PROBLEM —
Exact repetition of a range: find the line containing "Rear view of" and the line containing "Tattoo verwijdering in Alpha" in the material below, then repeat both and all lines between them, leaving pictures out.

RECORD EXCERPTS —

=====

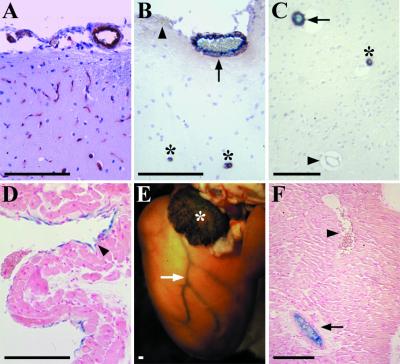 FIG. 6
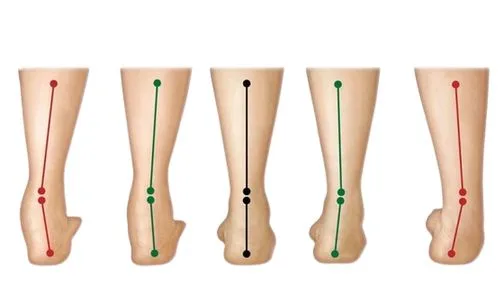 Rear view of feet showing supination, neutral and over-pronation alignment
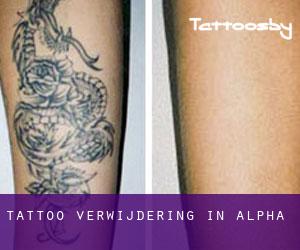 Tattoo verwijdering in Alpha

=====

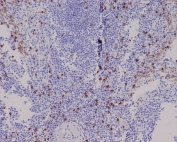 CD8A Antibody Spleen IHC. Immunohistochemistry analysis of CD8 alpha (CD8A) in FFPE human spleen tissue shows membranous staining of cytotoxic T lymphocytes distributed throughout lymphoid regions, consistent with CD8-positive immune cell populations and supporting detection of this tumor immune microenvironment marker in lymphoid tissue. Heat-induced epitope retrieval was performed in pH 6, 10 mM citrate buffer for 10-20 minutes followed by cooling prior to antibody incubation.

=====

WRITTEN ANSWER —
 Rear view of feet showing supination, neutral and over-pronation alignment
 Tattoo verwijdering in Alpha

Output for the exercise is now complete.